What Google's Leaked Signals Actually Do: A Function-Classification of 119 Content-Warehouse Attributes

Domain

SEO Mechanics

Method

Leak analysis

Published

June 2026

13.4%

Positive ranking levers

402

Audit checks classified

119

Distinct leaked signals

What Google's Leaked Signals Actually Do: A Function-Classification of 119 Content-Warehouse Attributes

Meriin Labs · original research · 14 June 2026 · every number below is computed by published code. See Reproduce this.
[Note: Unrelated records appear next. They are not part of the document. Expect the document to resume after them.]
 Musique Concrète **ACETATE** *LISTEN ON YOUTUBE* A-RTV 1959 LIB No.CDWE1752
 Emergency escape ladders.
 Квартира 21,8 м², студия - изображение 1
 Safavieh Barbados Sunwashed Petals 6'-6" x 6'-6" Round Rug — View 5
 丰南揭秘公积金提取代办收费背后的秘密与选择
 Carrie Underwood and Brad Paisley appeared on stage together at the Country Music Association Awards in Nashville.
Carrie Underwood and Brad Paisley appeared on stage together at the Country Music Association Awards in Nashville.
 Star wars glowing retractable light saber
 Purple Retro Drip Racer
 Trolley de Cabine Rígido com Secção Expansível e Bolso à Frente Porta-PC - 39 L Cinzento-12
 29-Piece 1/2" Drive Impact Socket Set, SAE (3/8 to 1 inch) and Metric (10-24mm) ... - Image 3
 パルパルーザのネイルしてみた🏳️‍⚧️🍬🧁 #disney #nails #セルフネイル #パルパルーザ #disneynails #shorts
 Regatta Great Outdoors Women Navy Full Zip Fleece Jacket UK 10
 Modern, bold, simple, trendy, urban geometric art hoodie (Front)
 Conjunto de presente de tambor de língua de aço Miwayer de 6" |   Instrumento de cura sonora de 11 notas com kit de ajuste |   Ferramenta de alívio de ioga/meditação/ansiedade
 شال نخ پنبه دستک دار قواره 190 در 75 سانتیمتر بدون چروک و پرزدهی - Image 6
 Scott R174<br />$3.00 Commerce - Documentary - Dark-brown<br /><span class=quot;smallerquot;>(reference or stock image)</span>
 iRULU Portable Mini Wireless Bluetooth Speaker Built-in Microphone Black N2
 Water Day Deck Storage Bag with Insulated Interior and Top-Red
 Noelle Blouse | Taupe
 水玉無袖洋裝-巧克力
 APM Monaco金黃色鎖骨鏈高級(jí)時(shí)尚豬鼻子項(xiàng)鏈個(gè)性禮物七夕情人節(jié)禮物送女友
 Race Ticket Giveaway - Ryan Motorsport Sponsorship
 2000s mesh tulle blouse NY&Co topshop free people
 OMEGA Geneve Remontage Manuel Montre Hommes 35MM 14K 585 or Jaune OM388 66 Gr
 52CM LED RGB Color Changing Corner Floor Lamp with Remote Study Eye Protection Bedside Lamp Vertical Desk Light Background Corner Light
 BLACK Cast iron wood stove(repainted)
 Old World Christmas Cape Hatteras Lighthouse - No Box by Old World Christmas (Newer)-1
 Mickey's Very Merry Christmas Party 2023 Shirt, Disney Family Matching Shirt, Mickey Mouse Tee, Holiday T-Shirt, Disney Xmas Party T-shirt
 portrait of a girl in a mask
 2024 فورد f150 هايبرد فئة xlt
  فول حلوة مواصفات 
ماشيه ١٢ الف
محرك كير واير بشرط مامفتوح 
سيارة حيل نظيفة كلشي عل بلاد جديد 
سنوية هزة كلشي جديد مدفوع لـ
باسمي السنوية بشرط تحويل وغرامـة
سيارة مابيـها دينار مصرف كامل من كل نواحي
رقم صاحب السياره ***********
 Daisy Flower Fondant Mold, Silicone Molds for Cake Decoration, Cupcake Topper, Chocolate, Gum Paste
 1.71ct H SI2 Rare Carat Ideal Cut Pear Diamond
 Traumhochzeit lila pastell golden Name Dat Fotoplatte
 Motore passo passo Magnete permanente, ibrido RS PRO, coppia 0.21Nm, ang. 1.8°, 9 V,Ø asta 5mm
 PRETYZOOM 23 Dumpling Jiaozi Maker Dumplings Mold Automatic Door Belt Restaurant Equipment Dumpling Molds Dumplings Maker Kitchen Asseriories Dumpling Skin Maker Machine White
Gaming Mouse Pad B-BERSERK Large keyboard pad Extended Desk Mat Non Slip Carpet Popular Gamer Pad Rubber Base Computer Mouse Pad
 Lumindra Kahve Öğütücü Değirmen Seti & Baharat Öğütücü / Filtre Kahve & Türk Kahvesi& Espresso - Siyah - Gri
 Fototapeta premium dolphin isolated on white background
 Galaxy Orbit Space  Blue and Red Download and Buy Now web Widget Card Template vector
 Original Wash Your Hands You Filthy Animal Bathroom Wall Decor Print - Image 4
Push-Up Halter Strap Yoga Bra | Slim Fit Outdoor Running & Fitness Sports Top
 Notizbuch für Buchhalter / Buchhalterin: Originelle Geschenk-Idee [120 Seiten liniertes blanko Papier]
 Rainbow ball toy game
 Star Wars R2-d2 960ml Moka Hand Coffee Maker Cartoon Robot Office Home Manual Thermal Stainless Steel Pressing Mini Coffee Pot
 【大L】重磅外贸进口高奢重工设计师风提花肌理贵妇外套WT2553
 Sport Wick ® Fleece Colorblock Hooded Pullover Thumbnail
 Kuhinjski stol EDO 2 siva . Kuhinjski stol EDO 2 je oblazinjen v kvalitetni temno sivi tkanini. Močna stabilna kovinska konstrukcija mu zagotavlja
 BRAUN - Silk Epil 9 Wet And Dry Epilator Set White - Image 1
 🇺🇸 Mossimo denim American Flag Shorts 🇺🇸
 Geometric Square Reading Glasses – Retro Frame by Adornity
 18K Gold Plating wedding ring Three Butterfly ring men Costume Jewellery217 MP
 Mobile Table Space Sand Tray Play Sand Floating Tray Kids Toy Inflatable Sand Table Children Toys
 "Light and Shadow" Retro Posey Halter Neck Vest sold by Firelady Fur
The claim: Among the leaked Google attributes that SEOs actually act on, positive ranking levers are a small minority. Most leaked signals exist to suppress, quality-gate, store/select, or comprehend, not to boost. What would prove it wrong: a function-classification of the same corpus in which “promotion” signals are a plurality, or in which the non-promotion share falls below ~60%.

When the Google Content Warehouse documents leaked in May 2024, the SEO industry read them as a list of ranking factors, things you add to go up. That framing quietly assumes most signals are levers you pull to win. We tested that assumption by classifying what each leaked signal actually does.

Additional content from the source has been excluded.